手記
島村 和江
ここに記すのは、わたしの罪でございます。
この手紙はわたしの夫、島村勇治の遺体と共に棺に入れて燃やすつもりですので、きっと書いたわたし以外の誰の目にも触れることなく燃えてなくなるでしょう。
それでいいのです。本来ならば、この罪も形に残すことなく、わたしの胸のうちにひっそりと秘めたまま消え果てしまうはずだったのですから。
わたしの罪は他人様にしてみれば、なんだそんなことかと思われるかも知れませんし、なんて残酷なことをしたんだ、と思われるかも知れません。
どちらを思われるかは、その方の価値観によってもずいぶんと変わるでしょう。もしかしたら、わたしのしたことを善い事だと捕らえかねません。
でも、わたしはわたしのしたことをこれ以上ないほどに残酷で恐ろしいことだと思っております。この手で、夫にしでかした罪の重さに、わたしは胸が重く締め付けられる心地です。
わたしの罪は、この手で病気の夫に、食事を与えたことです。
夫は、癌に侵され、医師にももう長くはないと言われました。一度、癌を患っていたものですから、多少なりとも覚悟はしていたつもりでしたが、その宣告を聞いたときは本当に目の前が暗くなりました。

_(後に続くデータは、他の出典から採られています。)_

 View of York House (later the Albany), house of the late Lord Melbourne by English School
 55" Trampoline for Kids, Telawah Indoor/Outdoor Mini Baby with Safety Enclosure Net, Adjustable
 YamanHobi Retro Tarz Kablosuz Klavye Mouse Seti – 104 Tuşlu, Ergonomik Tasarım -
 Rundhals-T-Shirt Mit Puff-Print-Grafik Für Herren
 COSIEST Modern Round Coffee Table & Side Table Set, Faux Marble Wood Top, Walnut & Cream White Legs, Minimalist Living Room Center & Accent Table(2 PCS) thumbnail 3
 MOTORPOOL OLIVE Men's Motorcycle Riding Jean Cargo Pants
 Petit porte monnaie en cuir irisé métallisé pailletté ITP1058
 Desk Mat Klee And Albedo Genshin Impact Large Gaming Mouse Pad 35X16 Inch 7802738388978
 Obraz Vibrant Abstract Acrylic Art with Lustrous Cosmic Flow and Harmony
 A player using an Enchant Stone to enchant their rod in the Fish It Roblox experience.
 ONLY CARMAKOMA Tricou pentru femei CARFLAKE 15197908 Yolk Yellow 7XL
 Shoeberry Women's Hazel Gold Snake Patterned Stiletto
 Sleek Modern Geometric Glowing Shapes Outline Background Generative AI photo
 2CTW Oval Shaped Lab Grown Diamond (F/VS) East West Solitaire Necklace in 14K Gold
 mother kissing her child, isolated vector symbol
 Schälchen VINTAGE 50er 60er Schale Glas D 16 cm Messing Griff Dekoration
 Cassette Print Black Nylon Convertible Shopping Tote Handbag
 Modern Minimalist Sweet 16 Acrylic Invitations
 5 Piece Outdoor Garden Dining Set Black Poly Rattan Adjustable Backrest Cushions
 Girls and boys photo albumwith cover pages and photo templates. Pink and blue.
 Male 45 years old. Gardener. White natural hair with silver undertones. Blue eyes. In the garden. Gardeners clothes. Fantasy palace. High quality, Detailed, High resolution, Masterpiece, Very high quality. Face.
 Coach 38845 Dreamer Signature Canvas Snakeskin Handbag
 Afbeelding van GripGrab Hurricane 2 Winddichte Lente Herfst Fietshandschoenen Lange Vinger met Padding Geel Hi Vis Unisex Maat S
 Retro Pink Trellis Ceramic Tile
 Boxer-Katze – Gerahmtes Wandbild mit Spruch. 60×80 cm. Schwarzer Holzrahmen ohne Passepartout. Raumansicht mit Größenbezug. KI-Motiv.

夫は満足に食事をとることもできなくなり、必要な栄養は点滴で補いました。それでもどんどんと痩せていく夫を見るのが辛くて。
夫が自宅で最期を迎えたい、とお医者様に言われたとき、それが夫の願いならばとわたしは自分ですべての看護をする決意をしました。
わたしも、疲れていたんです。
夫は、わたしのすることに愚痴をいい、ときにはわたしの手をたたきおとして罵りました。
夫の行動は癌の苦しみと恐怖から来るものだとわかってはいましたが、わたしは夫のそれらの気持ちを理解することはできません。生活の中で、わたしは自分自身の疲弊していく心をどうすることもできませんでした。
罪を犯したのは、ほんの少しの出来心でした。
夫がポツリと漏らしたりんごが好きだったという言葉をきいて、たまたま弟が送ってきた初物だというりんごがたくさんあったから、わたしは、夫が好きなものだから、と、思って。
今まで何も口にしていない夫が食べ物を食べたら何が起こるかわからないから、とお医者様に言われていたのに。そのことを、わたしはきちんと覚えていたのに。
どうなってもいい。
そんな恐ろしいことを、わたしは一瞬でも思ってしまいました。
好きなものを食べて、死ぬことができたら、きっと夫も幸せだろう。そう思いました。
本当は、りんごを持った手を叩かれて、殺す気か、と叫ばれるものだと心の隅で想像しておりました。わたしはいいえ違います、そんなつもりはなかったのと泣いて許しを請うのだと、想像していたのに。
夫は微笑んで、覚悟をしたような、さびしそうな、少しだけ嬉しそうな顔をして、わたしが摩りおろしたりんごの果汁を、口に含みました。
そのとき、わたしはハッとして、なんてことをしたんだろうと……。
夫はその日から二日後に、意識も朦朧としたまま亡くなりました。
わたしは、わたしが夫を殺したのではないかと、そう、思っております。
癌が夫を殺したのだと、誰が言っても、わたしは、りんごを夫に与えたとき、確かにほっとしたのです。
ようやく、この生活が終わるのだ。
そう思って、肩の力をふっと抜いてしまったのです。
わたしの罪は、生涯共に生きていくと誓った夫の死を、望んだことです。
この手紙が、誰の目にも触れず、密かに燃やされていくことを、わたしは願っております。